Records to process
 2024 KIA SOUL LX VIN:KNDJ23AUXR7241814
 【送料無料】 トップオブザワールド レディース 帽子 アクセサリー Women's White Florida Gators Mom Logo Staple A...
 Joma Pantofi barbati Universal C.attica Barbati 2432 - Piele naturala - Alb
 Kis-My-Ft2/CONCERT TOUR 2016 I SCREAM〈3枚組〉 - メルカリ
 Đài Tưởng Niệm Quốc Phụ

--

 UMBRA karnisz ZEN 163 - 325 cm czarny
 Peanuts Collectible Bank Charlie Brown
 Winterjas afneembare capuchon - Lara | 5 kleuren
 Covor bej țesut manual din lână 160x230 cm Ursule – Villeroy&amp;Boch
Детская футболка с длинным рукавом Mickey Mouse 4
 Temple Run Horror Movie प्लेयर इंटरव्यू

--

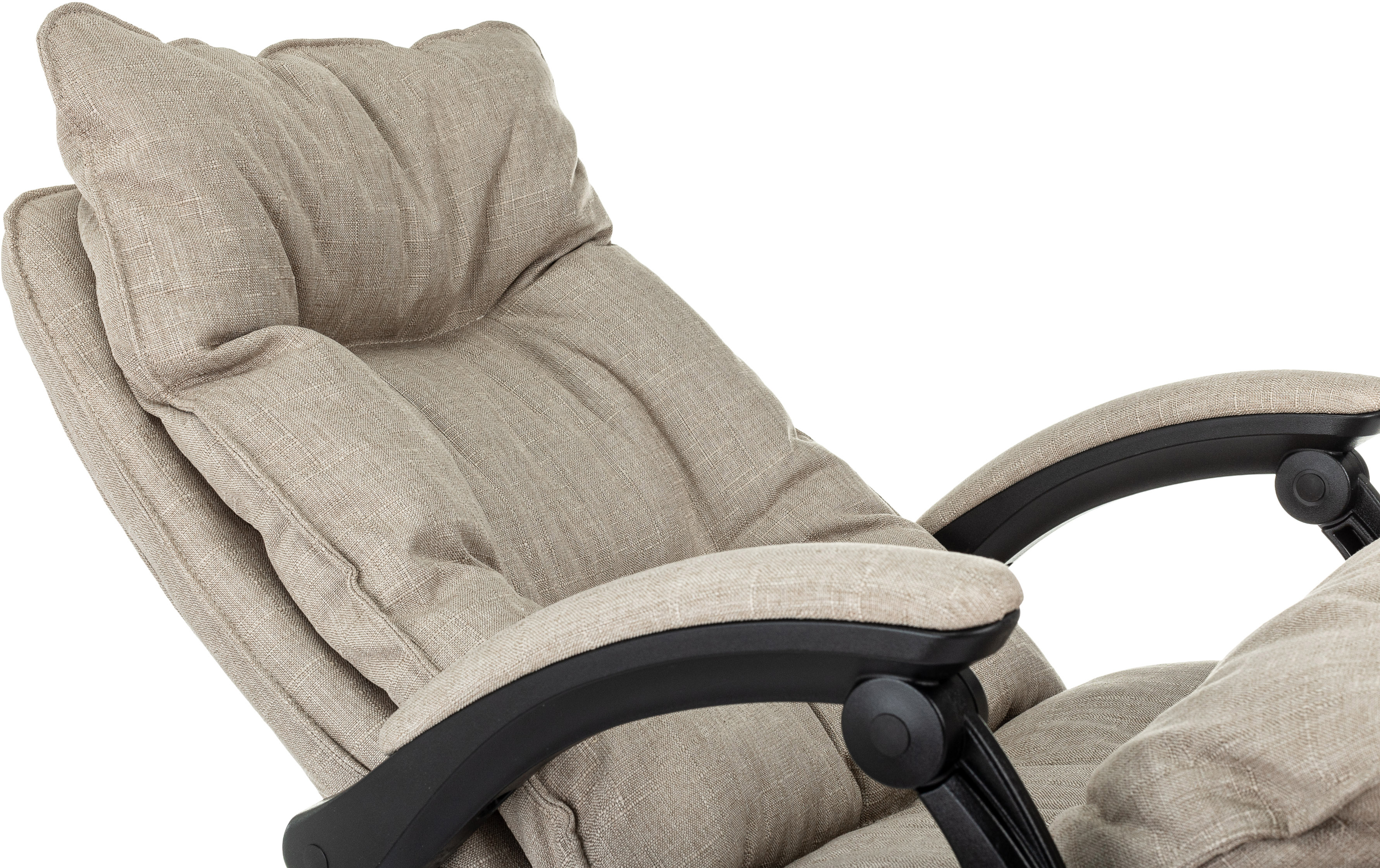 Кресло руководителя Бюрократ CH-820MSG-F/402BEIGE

Task goal
In the entries above, find the line with "Covor bej țesut" and the line with "Temple Run Horror Movie प्लेयर इंटरव्यू", then restate word for word both of them and every line between, with nothing more.

Answer
 Covor bej țesut manual din lână 160x230 cm Ursule – Villeroy&amp;Boch
Детская футболка с длинным рукавом Mickey Mouse 4
 Temple Run Horror Movie प्लेयर इंटरव्यू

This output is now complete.